What you should do: For this exercise, copy the data exactly and omit any images.

(Records for this task)

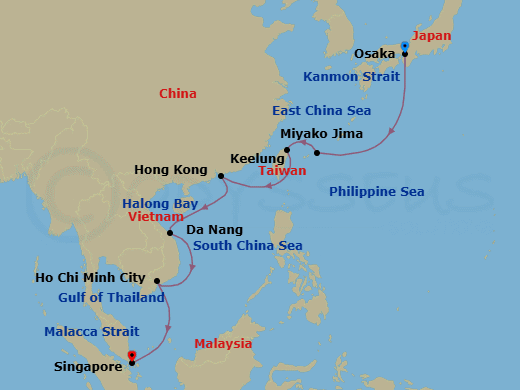 Itinerary map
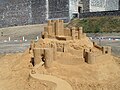 Sand castle model of Dover Castle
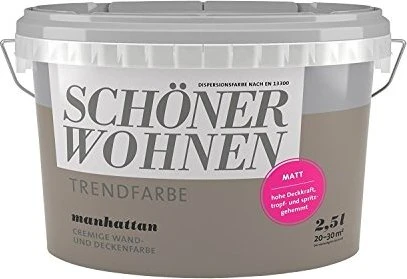 Schöner Wohnen Trendfarben innen manhattenmatt hochdeckend, 2.5l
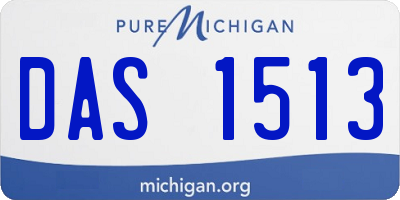 MI license plate DAS1513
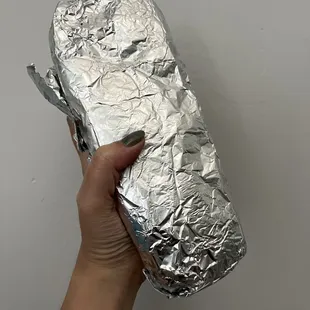 Look at the size of this California Burrito!!
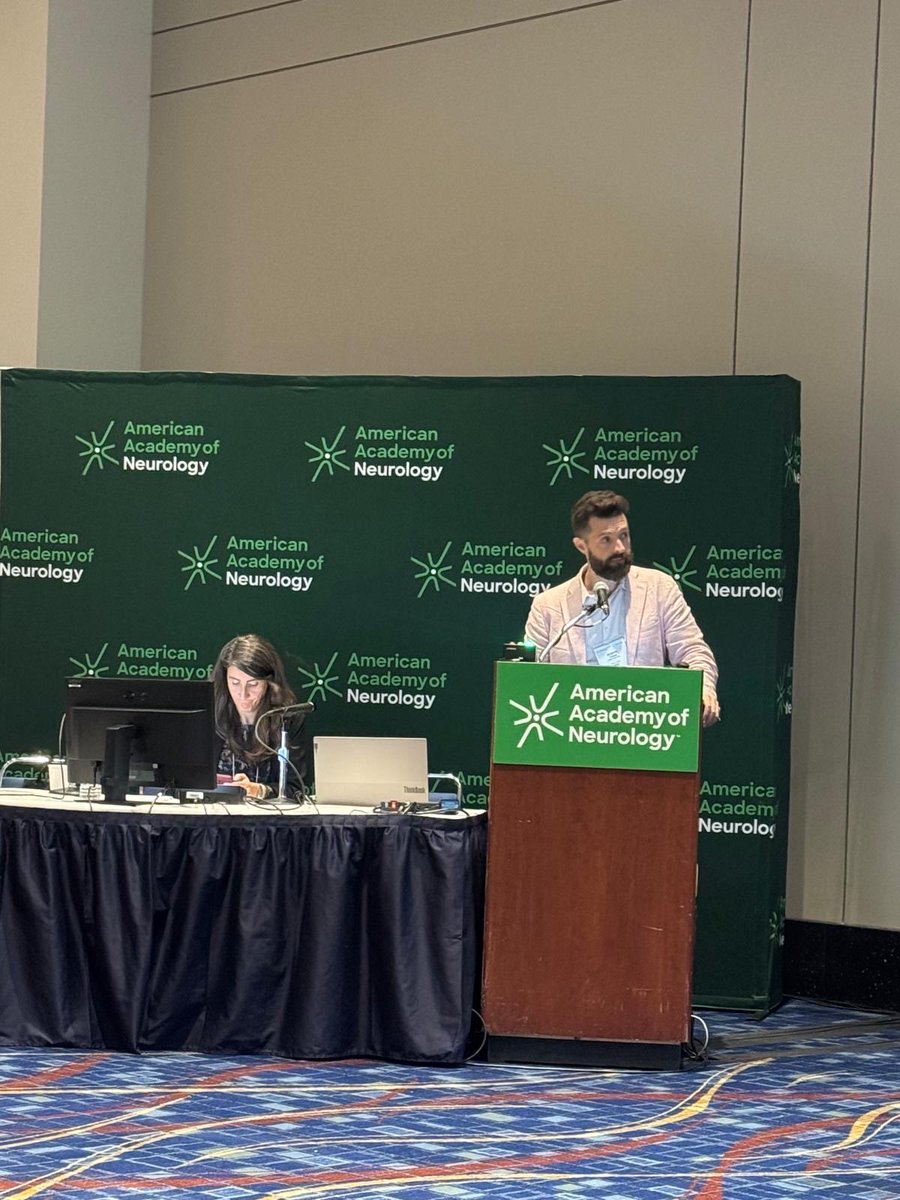 Benjamin_Trewin's tweet photo. Nothing sharpens your own thinking quite like a room full of neurologists poking at it. Packed house, incisive questions, proper debate. Plenty to take home and consider. Thank you 🙏  #AANAM 2026 #MOGAD https://t.co/jBU6n4wI6k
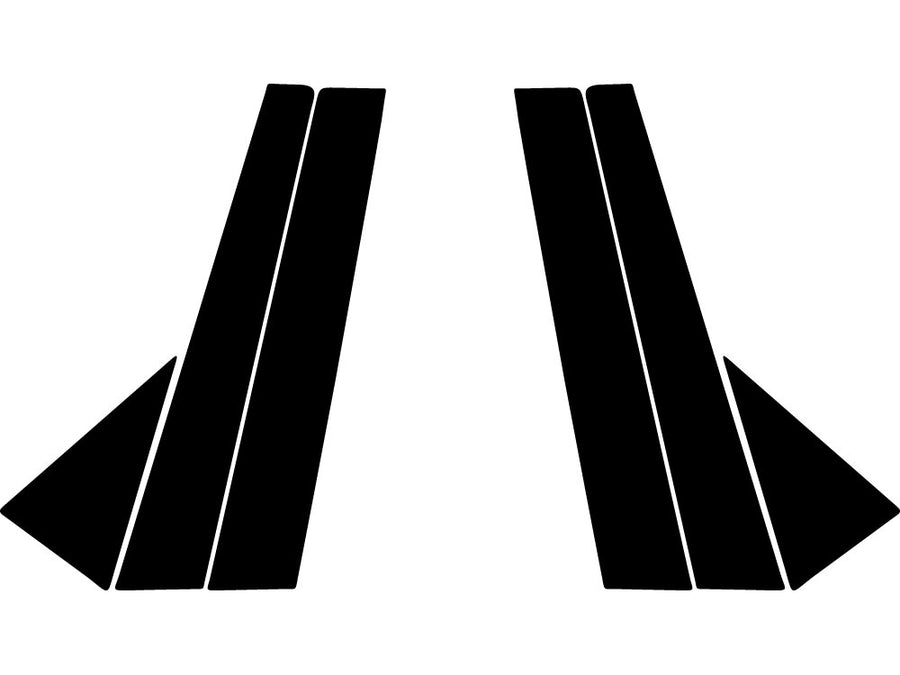 mazda mazda3 2004-2009 (hatchback) Matte Black Pillar Trim Diagram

(End Records for this task)

Problem solution:
 Itinerary map
 Sand castle model of Dover Castle
 Schöner Wohnen Trendfarben innen manhattenmatt hochdeckend, 2.5l
 MI license plate DAS1513
 Look at the size of this California Burrito!!
 Benjamin_Trewin's tweet photo. Nothing sharpens your own thinking quite like a room full of neurologists poking at it. Packed house, incisive questions, proper debate. Plenty to take home and consider. Thank you 🙏  #AANAM 2026 #MOGAD https://t.co/jBU6n4wI6k
 mazda mazda3 2004-2009 (hatchback) Matte Black Pillar Trim Diagram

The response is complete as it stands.